**Exercise requirements**
What do the lines from the top of the data through the line with "Funny Easter Family" say? Quote them exactly and include both ends.

**Supplied information**
Segment Open

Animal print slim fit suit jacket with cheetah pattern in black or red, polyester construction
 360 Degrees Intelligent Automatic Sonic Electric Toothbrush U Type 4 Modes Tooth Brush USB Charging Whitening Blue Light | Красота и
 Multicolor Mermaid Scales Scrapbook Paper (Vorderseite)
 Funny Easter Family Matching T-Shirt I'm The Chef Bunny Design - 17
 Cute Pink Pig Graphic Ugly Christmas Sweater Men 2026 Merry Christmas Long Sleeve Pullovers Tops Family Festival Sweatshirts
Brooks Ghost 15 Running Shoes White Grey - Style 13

Segment Closed

**Answer for this exercise**
Animal print slim fit suit jacket with cheetah pattern in black or red, polyester construction
 360 Degrees Intelligent Automatic Sonic Electric Toothbrush U Type 4 Modes Tooth Brush USB Charging Whitening Blue Light | Красота и
 Multicolor Mermaid Scales Scrapbook Paper (Vorderseite)
 Funny Easter Family Matching T-Shirt I'm The Chef Bunny Design - 17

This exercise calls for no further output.